Start of Data records
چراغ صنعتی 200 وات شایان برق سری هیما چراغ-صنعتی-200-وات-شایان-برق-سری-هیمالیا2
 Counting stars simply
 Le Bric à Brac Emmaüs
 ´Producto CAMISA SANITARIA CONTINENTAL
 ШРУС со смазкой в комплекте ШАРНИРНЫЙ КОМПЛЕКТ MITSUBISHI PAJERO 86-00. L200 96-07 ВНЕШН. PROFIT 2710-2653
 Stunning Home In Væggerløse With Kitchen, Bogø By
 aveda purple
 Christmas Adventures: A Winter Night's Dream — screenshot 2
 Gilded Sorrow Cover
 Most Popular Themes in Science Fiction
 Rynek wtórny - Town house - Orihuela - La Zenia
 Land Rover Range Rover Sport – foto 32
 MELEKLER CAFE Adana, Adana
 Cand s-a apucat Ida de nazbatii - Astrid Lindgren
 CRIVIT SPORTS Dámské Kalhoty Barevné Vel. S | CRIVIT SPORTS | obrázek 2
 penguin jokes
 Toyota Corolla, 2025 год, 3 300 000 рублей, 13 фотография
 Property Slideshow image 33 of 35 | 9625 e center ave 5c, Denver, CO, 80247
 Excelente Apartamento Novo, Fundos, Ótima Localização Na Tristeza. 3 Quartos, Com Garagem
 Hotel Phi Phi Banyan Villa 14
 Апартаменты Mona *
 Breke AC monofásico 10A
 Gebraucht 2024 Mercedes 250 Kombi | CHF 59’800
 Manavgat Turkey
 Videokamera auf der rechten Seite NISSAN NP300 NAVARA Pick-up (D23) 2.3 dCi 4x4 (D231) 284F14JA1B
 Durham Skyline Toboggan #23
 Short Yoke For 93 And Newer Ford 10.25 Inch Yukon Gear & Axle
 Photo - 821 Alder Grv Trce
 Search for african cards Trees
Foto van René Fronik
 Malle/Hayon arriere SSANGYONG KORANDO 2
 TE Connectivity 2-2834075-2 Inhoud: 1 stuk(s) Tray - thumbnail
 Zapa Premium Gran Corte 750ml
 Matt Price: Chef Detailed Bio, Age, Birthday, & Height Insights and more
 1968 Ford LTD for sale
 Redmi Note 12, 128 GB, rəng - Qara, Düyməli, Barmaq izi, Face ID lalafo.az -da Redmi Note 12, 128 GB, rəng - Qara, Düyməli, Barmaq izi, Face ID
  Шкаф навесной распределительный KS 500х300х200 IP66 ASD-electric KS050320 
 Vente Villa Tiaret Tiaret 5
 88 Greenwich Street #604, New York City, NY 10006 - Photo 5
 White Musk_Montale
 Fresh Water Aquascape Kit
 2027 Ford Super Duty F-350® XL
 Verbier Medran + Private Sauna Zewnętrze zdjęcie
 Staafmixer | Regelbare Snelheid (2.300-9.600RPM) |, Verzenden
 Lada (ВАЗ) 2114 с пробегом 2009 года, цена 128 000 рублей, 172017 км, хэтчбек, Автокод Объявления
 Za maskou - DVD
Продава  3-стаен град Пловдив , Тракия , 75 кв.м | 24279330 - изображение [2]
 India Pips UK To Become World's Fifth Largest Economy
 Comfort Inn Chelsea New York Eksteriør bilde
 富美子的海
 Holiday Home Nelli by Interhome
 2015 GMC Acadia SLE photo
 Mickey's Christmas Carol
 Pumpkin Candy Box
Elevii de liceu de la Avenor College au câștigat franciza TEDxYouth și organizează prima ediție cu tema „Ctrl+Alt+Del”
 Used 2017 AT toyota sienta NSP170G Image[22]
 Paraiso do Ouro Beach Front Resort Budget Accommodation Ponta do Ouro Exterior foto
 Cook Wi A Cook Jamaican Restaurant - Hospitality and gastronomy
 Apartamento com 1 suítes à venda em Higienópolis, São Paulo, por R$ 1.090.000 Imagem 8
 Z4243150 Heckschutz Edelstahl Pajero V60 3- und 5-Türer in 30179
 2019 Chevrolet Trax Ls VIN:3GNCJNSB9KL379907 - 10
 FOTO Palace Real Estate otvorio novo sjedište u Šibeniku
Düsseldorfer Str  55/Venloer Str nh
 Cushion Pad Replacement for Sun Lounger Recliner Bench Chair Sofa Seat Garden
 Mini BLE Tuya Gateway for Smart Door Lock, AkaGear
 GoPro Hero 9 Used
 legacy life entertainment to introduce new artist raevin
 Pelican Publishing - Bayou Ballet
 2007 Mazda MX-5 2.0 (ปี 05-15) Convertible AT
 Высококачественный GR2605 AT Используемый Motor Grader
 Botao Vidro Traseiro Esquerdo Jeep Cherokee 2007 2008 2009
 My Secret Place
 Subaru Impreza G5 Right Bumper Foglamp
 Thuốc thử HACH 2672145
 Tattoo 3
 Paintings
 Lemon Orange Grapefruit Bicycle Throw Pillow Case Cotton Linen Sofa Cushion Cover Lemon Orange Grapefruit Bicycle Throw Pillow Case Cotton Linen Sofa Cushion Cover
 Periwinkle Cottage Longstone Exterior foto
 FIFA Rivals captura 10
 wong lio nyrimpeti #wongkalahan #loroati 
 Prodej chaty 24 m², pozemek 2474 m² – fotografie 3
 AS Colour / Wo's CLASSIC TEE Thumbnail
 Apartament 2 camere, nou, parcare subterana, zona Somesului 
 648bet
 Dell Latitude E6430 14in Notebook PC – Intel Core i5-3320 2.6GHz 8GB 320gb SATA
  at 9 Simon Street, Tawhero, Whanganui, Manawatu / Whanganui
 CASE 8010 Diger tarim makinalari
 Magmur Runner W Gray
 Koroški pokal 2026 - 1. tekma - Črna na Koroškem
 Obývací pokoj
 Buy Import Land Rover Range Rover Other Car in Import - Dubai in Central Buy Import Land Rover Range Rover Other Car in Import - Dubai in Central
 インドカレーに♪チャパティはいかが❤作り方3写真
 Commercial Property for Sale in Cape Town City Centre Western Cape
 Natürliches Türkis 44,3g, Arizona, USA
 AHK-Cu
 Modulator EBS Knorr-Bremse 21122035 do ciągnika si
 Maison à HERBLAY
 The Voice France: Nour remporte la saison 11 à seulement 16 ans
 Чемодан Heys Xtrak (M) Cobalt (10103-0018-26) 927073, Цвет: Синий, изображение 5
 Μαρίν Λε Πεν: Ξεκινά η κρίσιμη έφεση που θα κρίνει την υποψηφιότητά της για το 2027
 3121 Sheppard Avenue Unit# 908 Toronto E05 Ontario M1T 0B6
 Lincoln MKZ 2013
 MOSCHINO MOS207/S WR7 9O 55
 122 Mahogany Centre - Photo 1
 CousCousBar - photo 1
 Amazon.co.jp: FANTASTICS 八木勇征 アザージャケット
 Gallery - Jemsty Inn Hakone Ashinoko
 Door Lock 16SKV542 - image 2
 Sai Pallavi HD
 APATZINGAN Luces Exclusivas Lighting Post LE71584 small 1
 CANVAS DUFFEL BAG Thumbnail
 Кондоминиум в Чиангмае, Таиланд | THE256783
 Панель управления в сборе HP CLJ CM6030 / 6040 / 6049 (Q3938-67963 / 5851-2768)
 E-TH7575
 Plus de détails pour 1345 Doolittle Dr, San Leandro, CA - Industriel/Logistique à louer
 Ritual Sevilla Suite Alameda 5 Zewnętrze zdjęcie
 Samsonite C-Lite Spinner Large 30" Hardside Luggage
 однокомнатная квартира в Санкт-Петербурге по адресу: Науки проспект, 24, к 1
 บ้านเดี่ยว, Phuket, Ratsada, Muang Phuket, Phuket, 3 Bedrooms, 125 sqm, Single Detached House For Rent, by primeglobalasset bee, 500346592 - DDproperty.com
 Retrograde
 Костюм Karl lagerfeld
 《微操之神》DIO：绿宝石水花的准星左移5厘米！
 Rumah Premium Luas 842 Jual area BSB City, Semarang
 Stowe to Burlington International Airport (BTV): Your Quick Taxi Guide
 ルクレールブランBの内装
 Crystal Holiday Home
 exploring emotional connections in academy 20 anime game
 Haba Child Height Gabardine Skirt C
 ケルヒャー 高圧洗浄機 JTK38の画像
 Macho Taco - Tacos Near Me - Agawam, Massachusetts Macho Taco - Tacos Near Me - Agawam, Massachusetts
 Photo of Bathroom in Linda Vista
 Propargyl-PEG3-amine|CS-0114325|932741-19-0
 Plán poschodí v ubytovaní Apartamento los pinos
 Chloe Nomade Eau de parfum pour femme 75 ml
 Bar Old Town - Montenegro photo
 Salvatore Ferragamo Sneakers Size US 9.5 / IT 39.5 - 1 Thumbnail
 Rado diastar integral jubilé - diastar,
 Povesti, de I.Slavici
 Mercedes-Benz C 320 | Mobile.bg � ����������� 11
End of Data records
Required action
Take the line containing "Macho Taco - Tacos Near Me - Agawam, Massachusetts Macho" as the first line and the last line of the data above as the final one. Write out these lines and all between them exactly.

Your response
 Macho Taco - Tacos Near Me - Agawam, Massachusetts Macho Taco - Tacos Near Me - Agawam, Massachusetts
 Photo of Bathroom in Linda Vista
 Propargyl-PEG3-amine|CS-0114325|932741-19-0
 Plán poschodí v ubytovaní Apartamento los pinos
 Chloe Nomade Eau de parfum pour femme 75 ml
 Bar Old Town - Montenegro photo
 Salvatore Ferragamo Sneakers Size US 9.5 / IT 39.5 - 1 Thumbnail
 Rado diastar integral jubilé - diastar,
 Povesti, de I.Slavici
 Mercedes-Benz C 320 | Mobile.bg � ����������� 11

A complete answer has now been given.